Java Programming - Threads - Discussion

Discussion Forum : Threads - Finding the output (Q.No. 15)
15.
What will be the output of the program?
public class ThreadTest extends Thread 
{ 
    public void run() 
    { 
        System.out.println("In run"); 
        yield(); 
        System.out.println("Leaving run"); 
    } 
    public static void main(String []argv) 
    { 
        (new ThreadTest()).start(); 
    } 
}
The code fails to compile in the main() method
The code fails to compile in the run() method
Only the text "In run" will be displayed
The text "In run" followed by "Leaving run" will be displayed
Answer: Option
Explanation:
No answer description is available.

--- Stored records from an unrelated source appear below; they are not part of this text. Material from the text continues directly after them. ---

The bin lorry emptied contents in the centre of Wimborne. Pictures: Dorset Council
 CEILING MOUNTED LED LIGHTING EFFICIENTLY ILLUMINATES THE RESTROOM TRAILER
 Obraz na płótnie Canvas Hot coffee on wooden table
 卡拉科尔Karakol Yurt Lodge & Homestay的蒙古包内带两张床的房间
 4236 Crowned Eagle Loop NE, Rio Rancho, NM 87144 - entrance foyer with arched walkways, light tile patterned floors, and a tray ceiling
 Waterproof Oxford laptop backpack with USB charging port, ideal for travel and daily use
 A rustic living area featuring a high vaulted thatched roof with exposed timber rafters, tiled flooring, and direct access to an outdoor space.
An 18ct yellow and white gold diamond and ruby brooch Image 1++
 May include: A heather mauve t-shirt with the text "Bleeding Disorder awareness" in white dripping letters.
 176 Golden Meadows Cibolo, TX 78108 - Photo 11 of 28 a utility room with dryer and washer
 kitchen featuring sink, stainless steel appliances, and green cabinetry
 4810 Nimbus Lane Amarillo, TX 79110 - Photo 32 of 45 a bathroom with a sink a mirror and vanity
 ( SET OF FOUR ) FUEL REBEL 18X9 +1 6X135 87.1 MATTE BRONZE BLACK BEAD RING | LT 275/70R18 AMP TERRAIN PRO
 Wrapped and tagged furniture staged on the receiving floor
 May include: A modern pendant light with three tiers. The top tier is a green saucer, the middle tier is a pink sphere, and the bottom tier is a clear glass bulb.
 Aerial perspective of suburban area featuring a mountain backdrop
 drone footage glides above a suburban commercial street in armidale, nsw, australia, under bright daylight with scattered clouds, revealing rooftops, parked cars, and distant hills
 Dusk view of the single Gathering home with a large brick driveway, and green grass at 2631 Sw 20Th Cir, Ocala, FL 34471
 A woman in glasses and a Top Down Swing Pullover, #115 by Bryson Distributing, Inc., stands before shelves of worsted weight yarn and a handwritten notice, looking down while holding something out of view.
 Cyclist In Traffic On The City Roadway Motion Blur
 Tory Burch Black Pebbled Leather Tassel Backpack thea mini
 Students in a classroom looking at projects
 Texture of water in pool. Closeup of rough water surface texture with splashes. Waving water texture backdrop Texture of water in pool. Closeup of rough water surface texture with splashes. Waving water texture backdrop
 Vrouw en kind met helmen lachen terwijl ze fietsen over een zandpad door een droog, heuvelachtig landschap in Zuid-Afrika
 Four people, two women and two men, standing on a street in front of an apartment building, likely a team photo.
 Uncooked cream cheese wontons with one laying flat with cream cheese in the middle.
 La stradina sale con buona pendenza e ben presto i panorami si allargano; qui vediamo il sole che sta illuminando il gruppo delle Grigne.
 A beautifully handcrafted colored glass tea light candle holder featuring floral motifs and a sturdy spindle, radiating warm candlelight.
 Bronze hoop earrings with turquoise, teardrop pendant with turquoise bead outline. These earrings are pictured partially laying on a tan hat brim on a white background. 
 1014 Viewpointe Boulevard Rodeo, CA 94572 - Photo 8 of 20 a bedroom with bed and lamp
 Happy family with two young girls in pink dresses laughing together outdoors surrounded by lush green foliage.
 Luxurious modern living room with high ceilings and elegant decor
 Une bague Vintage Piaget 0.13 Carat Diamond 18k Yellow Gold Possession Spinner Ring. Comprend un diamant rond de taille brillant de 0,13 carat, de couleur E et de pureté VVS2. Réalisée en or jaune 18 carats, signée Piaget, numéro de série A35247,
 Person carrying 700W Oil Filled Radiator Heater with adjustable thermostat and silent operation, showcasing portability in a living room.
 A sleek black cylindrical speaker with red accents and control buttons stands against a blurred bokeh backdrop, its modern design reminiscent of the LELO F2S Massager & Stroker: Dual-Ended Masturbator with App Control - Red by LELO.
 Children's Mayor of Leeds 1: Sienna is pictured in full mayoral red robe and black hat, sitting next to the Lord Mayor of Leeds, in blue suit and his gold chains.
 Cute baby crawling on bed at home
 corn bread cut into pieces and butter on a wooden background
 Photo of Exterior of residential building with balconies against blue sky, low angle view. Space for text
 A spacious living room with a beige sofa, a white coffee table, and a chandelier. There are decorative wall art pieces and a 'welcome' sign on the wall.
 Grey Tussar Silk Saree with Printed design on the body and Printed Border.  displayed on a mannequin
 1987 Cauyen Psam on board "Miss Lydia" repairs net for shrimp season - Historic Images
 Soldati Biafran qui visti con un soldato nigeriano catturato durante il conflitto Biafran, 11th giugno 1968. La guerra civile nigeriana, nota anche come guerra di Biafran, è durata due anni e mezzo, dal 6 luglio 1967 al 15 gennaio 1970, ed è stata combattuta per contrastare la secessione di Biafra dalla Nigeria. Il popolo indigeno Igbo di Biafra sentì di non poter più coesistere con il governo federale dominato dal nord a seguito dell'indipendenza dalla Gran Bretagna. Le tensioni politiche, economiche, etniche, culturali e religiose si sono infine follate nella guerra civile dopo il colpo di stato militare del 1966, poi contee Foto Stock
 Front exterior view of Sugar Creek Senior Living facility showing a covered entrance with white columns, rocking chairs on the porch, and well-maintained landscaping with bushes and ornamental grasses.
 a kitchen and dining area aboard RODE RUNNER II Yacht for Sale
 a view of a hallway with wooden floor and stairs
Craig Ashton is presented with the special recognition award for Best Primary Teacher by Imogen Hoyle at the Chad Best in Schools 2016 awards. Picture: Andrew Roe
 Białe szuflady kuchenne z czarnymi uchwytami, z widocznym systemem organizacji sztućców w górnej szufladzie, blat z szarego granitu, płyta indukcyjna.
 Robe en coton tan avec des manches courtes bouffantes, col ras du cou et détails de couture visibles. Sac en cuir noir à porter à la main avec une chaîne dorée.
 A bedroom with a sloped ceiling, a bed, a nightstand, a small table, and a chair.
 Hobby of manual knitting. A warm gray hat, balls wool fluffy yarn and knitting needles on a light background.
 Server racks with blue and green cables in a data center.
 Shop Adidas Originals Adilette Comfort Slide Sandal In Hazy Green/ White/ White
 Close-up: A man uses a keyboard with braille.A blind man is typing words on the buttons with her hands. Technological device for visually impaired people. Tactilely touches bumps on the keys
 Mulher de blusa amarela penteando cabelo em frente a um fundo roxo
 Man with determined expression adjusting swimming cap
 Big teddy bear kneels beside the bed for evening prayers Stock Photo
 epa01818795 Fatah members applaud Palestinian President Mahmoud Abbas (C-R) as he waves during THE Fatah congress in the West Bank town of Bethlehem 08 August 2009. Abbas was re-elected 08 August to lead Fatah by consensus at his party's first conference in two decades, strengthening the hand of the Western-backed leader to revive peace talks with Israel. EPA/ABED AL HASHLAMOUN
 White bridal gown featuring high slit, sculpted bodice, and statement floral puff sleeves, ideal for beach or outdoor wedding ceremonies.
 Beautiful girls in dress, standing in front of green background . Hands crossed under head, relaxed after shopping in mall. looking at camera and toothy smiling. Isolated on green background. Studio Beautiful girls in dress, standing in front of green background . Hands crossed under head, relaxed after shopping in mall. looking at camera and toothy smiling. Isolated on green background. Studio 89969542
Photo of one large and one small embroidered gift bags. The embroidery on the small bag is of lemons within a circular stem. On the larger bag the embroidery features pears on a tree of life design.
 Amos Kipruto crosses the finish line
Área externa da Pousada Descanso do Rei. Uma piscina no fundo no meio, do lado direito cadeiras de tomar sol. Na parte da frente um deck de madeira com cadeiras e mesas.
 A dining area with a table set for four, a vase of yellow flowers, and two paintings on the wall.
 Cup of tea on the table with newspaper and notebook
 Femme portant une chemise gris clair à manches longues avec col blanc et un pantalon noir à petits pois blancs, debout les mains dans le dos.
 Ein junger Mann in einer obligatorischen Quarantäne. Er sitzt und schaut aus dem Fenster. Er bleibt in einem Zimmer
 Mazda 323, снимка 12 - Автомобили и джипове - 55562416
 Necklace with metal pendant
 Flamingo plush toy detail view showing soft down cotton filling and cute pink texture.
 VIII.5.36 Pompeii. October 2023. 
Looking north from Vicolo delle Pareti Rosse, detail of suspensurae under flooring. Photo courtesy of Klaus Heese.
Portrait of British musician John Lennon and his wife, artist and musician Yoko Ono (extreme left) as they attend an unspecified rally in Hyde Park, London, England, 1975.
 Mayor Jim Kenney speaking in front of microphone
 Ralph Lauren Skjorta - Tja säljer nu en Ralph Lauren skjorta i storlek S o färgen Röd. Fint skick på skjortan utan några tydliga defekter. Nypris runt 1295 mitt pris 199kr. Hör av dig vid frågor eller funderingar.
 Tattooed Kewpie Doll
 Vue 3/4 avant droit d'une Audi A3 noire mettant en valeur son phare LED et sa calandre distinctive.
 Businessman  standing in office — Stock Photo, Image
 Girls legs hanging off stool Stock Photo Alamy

Let's discuss.
Discussion:
13 comments Page 2 of 2.

Meghna said:   8 years ago
yield() basically means that the thread is not doing anything particularly important and if any other threads or processes need to be run, they should.

Otherwise, the current thread will continue to run.

Sujata said:   7 years ago
Output is:
In run
Leaving run

Because, yeild() method only delays the current thread and gives the chance to same priority thread. In this case, there is no any thread present, so after some delay in will continue the execution.

Rksh25 said:   5 years ago
It works the same whether you call it with an instance or Thread.yield(). The reason is there no code to display in the main method after start() a child thread. write some SOPs in main after start a child thread. CPU gives the chance to the main thread. Since in this program there a 2 threads main, Thread-0.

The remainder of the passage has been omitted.